It was around this time last year that the news came down from FIFA mountain: Chelsea had been banned for the next two transfer windows (and fined, too, but that’s pocket change). And while Chelsea eventually appealed successfully (to CAS) to get the ban cut in half, we effectively served out the full sentence anyway since we didn’t sign anyone in January.
Into that vacuum have stepped a veritable plethora of young players, most long-time members of the Chelsea Academy. One of the exceptions to that trend has been Billy Gilmour, who’s as young as any of them, if not even more so, but he only joined the club in 2017, when he turned 16.
Not three years later, he’s turning all the heads, especially after his Man of the Match performance against league-leaders Liverpool in the FA Cup this week. It was only his 6th appearance for the first-team; it might as well have been his 60th.
Fantastic. Personality on the ball, intelligence in his desicion making, always making angles to offer himself and has that bit of aggression in him which is very important specially in the Premier League.
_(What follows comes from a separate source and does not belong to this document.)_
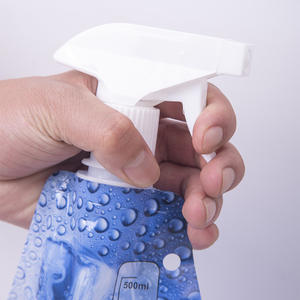 ถุงพลาสติกพับได้ขนาด 500 มล. พร้อมหัวฉีดพ่น  พิมพ์ลายกราเวียร์ กันน้ำ ปรับแต่งได้ สำหรับงานสวนและเครื่องดื่ม - Product Image 5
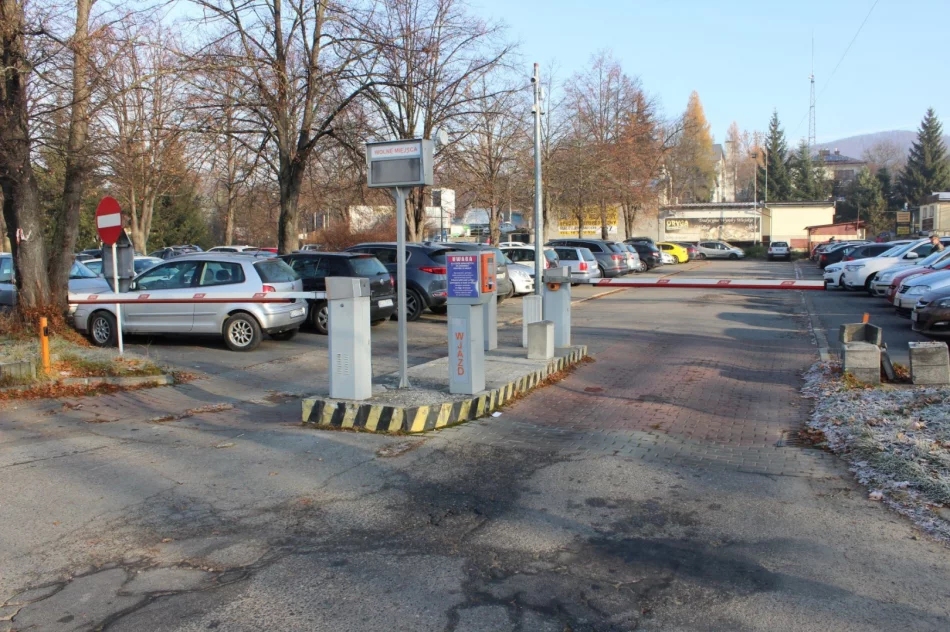 Szpital wyremontuje parking i fragment drogi - zdjęcie 2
— Cesc Fàbregas Soler (@cesc4official) March 3, 2020
Gilmour has been roundly praised for Tuesday’s efforts, but if you read the headline, you can guess where this piece is going. Gilmour, who counted as an “international” signing for FIFA’s purposes since the English and Scottish Football Associations are separate entities, was one of the players involved in the transfer ban case. And it’s actually very easy to figure out how he factored in, even though no names were ever used during the legal proceedings.
Chelsea were hit with 29 breaches of Article 19, with the specific players involved identified only by numbers 1-29. These counted for the bulk of the violations. But Chelsea were also hit with two counts of breaching Article 18bis, which is the bit about third-party influence.
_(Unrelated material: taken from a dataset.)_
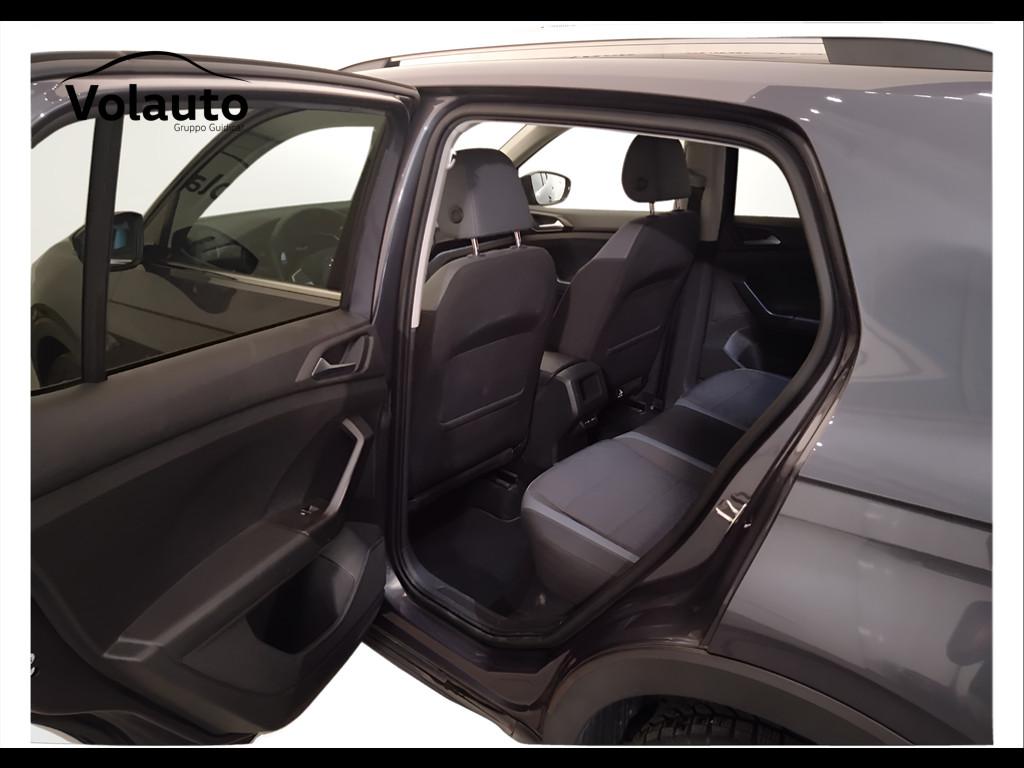 VOLKSWAGEN T-Cross 2019 - T-Cross 1.0 tsi Advanced 110cv
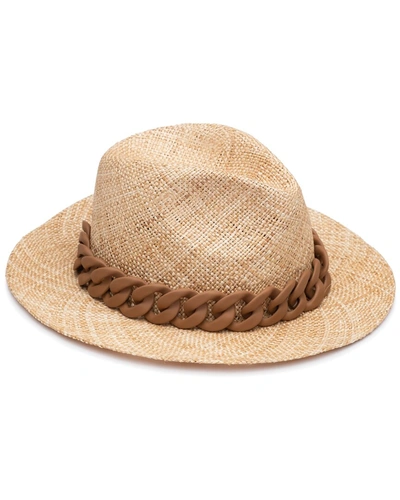 Eugenia Kim Lillian Hat In Brown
Basically, FIFA claimed that in the process of arranging future transfers, Chelsea exerted undue influence on another team by preventing them from operating autonomously and making decisions regarding one of their own players on their own. And while some, including Chelsea in the appeal, might argue that’s an unavoidable side-effect or agreeing a future transfer (Chelsea reserved veto power over any loan moves for said players in the interim, for example), FIFA did not see it that way.
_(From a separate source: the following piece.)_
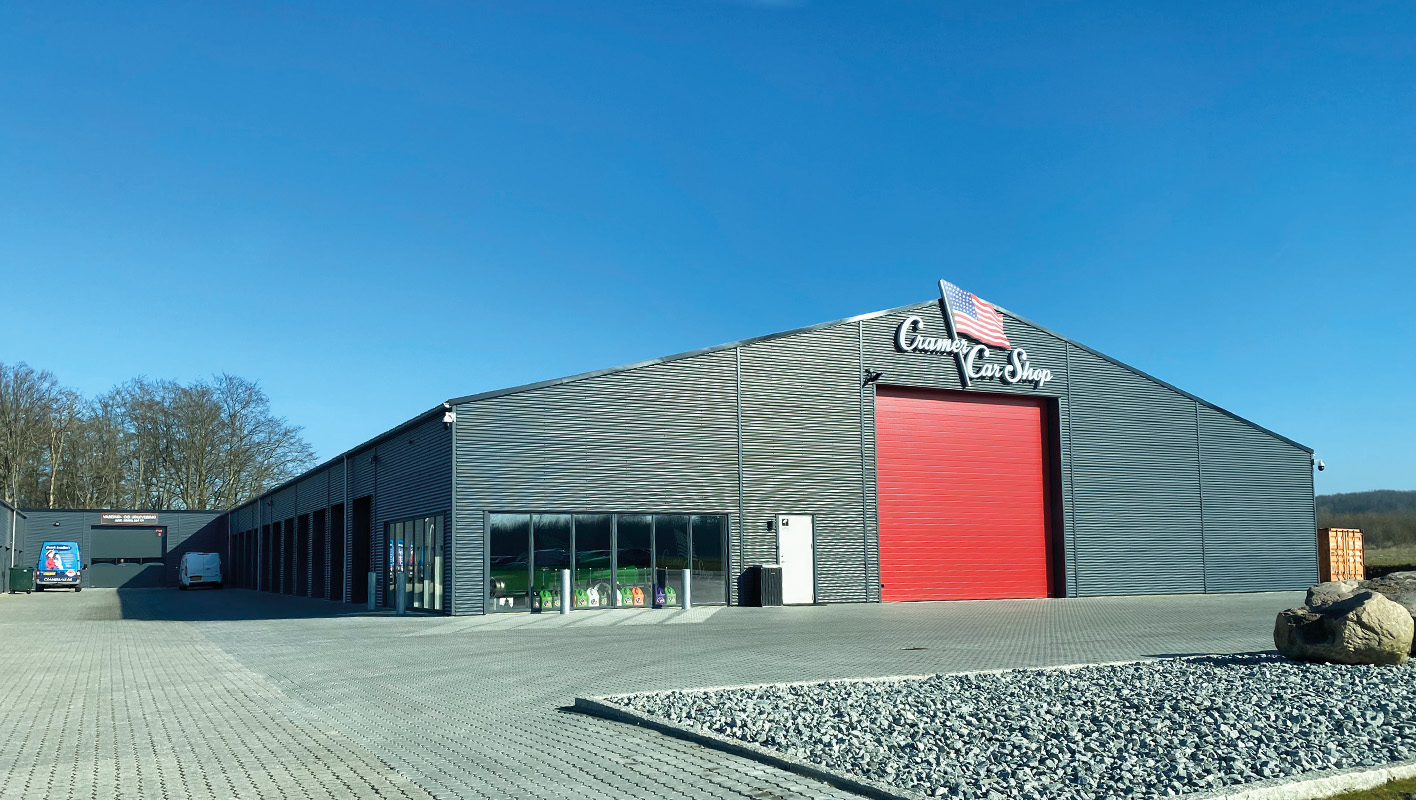 Hph Totalbyg Cramer 3 C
More pertinently to this story, FIFA identified these two cases not by numbers, but by the other teams involved: Ajax and, you guessed it, Rangers. The Ajax player in question is probably Juan Familia-Castillo (now back with Ajax, ironically); the Rangers kid is undoubtedly Billy G. Chelsea hadn’t signed anyone from Rangers since the ‘90s (Nigel Spackman in 1992?) before young Gilmour made the southbound journey a few years ago.
So, Chelsea agreed to sign Gilmour, then ensured that Rangers wouldn’t do something altogether silly with him. As FIFA note, somewhat to their credit, they realize that teams enter such common-sense agreements all the time, but apparently never in such a formalized manner — and we couldn’t do a sign-and-loan-back like with Christian Pulisic and BVB, since Gilmour wasn’t yet 17.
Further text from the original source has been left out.